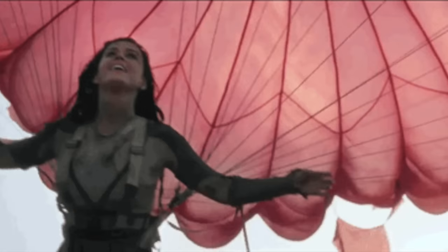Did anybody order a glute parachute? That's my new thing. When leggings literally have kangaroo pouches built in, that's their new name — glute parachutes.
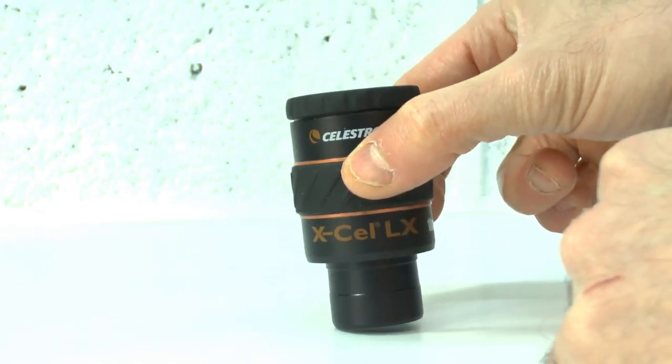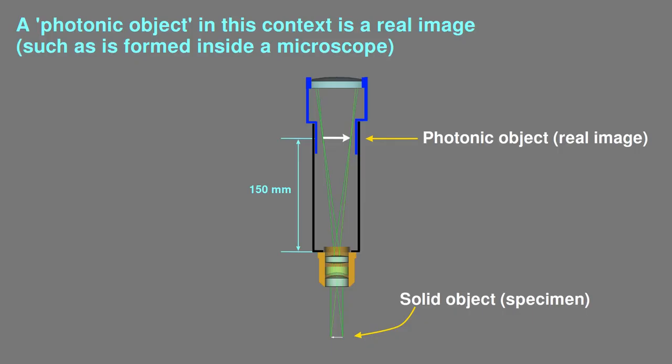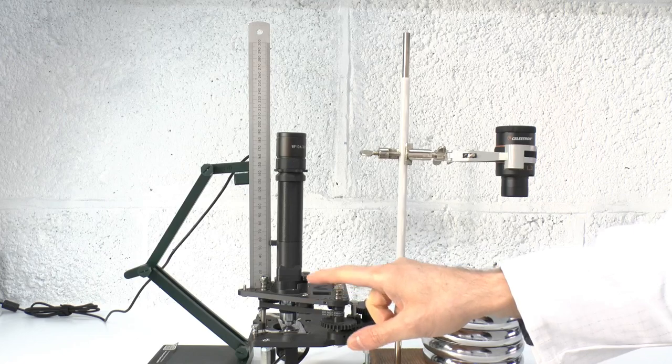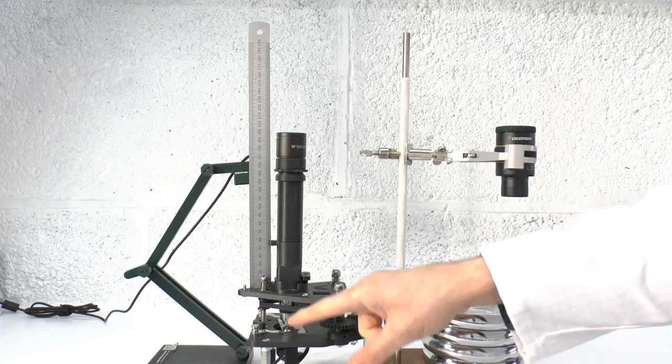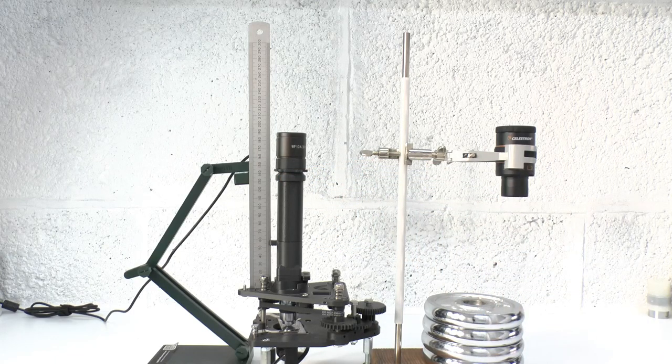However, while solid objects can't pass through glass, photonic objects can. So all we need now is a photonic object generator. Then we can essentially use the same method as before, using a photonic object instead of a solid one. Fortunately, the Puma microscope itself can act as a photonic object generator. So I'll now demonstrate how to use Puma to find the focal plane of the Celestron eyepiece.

* * *

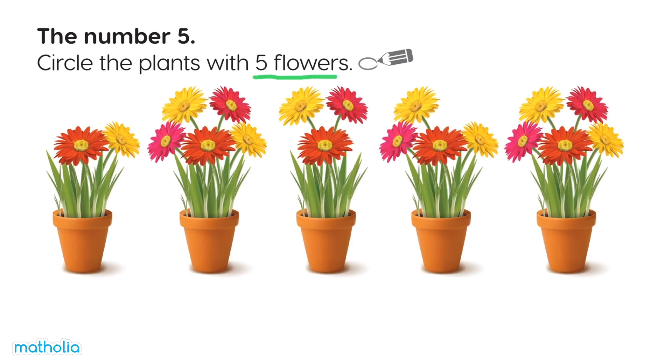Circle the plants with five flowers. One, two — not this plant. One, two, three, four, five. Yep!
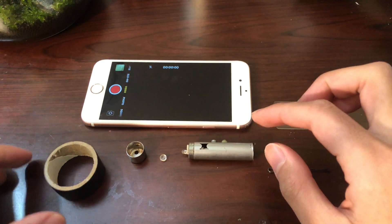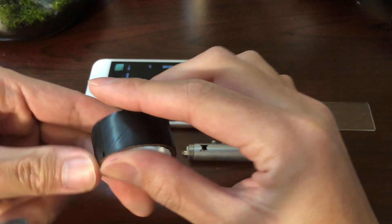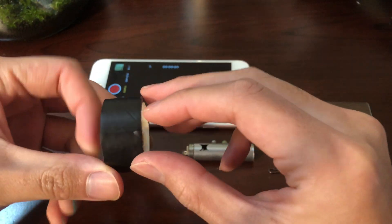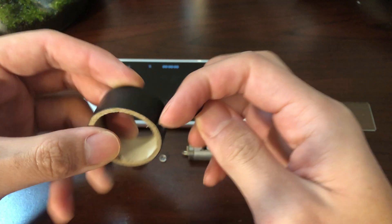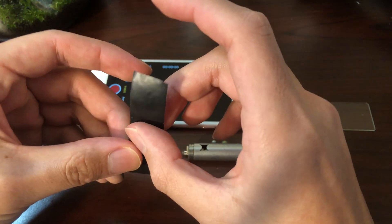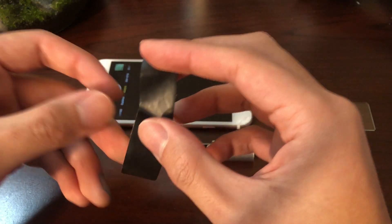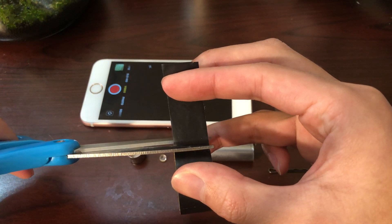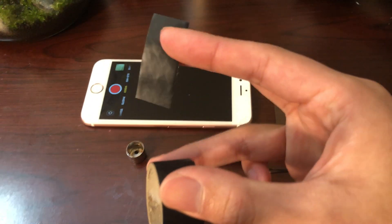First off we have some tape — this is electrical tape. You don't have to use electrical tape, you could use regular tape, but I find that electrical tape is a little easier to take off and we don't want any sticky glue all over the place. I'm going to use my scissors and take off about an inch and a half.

EXERCISE AIM: Taking the entries above, extract every line from the one bearing "Did anybody order" through the one bearing "However, while solid", exactly, with no pictures.

ANSWER AREA:
Did anybody order a glute parachute? That's my new thing. When leggings literally have kangaroo pouches built in, that's their new name — glute parachutes.
However, while solid objects can't pass through glass, photonic objects can. So all we need now is a photonic object generator. Then we can essentially use the same method as before, using a photonic object instead of a solid one. Fortunately, the Puma microscope itself can act as a photonic object generator. So I'll now demonstrate how to use Puma to find the focal plane of the Celestron eyepiece.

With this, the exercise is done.